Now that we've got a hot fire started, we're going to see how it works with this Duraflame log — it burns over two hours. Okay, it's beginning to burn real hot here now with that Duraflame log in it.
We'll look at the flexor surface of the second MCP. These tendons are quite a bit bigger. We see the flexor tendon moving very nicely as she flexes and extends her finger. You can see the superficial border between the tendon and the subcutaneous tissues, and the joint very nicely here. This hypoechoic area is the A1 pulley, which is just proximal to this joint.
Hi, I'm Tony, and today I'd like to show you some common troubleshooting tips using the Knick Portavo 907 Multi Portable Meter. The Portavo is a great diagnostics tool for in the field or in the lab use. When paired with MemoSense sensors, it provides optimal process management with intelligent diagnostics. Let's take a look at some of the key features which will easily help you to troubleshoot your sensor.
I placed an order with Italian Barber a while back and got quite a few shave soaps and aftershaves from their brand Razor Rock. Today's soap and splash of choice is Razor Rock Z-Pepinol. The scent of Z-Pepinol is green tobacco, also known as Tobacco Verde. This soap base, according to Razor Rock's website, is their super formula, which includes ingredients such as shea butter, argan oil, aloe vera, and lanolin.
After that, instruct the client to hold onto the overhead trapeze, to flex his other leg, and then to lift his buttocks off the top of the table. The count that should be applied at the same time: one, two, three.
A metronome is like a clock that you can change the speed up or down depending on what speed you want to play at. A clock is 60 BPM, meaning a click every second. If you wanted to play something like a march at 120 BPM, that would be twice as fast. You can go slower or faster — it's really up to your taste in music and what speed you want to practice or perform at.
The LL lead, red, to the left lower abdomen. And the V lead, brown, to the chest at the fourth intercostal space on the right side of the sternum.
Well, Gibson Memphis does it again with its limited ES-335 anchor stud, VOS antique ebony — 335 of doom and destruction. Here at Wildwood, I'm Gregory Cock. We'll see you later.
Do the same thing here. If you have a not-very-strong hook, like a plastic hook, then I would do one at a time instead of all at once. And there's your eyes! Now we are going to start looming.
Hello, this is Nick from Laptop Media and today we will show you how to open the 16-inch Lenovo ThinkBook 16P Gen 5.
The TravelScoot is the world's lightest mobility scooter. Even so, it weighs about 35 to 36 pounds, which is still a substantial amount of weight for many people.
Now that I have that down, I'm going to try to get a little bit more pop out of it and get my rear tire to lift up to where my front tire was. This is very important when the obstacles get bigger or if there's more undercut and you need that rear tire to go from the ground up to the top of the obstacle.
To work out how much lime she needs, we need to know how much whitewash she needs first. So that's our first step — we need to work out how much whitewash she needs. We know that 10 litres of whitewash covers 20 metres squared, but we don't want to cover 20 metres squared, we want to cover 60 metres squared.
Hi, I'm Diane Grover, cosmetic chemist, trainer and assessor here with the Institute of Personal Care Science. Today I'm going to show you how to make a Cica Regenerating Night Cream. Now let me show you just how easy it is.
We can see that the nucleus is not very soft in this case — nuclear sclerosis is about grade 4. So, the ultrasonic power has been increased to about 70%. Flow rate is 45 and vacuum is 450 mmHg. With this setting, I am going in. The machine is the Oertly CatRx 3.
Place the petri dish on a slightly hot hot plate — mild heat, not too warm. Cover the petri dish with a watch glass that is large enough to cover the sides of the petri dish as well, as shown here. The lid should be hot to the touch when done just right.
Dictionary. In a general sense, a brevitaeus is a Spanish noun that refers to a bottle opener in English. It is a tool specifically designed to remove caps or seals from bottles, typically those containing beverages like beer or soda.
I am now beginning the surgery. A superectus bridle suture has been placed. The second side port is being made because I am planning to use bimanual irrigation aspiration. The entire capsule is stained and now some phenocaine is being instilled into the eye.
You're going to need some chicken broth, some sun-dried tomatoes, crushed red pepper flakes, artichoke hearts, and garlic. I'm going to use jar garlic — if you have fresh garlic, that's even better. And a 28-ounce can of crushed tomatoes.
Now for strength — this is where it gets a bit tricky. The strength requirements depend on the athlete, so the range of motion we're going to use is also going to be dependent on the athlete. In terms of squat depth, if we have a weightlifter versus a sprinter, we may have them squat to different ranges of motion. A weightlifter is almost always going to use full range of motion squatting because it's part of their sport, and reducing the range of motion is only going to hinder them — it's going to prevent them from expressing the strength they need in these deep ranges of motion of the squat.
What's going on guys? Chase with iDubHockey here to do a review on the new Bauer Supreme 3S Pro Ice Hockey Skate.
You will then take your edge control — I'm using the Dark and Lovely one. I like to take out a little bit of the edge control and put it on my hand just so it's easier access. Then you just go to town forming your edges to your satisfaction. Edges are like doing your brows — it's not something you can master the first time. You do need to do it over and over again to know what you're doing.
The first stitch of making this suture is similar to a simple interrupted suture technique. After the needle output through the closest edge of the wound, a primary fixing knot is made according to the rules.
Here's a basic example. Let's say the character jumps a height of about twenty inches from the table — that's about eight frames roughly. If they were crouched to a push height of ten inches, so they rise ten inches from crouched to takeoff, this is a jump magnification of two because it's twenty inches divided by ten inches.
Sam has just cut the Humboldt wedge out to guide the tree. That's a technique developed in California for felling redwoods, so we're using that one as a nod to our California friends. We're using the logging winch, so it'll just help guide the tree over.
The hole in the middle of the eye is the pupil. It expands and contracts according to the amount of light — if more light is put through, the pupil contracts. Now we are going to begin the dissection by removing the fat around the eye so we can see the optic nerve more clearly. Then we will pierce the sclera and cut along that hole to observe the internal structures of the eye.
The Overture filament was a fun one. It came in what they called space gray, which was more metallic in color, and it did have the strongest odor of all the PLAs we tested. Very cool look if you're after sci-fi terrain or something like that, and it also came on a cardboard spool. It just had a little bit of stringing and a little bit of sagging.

■ **ABOUT THIS TASK**
Return, word for word, the lines of the data above from the line with "Do the same" through the line with "To work out how much lime", inclusive.

■ **SOLUTION TO THIS TASK**
Do the same thing here. If you have a not-very-strong hook, like a plastic hook, then I would do one at a time instead of all at once. And there's your eyes! Now we are going to start looming.
Hello, this is Nick from Laptop Media and today we will show you how to open the 16-inch Lenovo ThinkBook 16P Gen 5.
The TravelScoot is the world's lightest mobility scooter. Even so, it weighs about 35 to 36 pounds, which is still a substantial amount of weight for many people.
Now that I have that down, I'm going to try to get a little bit more pop out of it and get my rear tire to lift up to where my front tire was. This is very important when the obstacles get bigger or if there's more undercut and you need that rear tire to go from the ground up to the top of the obstacle.
To work out how much lime she needs, we need to know how much whitewash she needs first. So that's our first step — we need to work out how much whitewash she needs. We know that 10 litres of whitewash covers 20 metres squared, but we don't want to cover 20 metres squared, we want to cover 60 metres squared.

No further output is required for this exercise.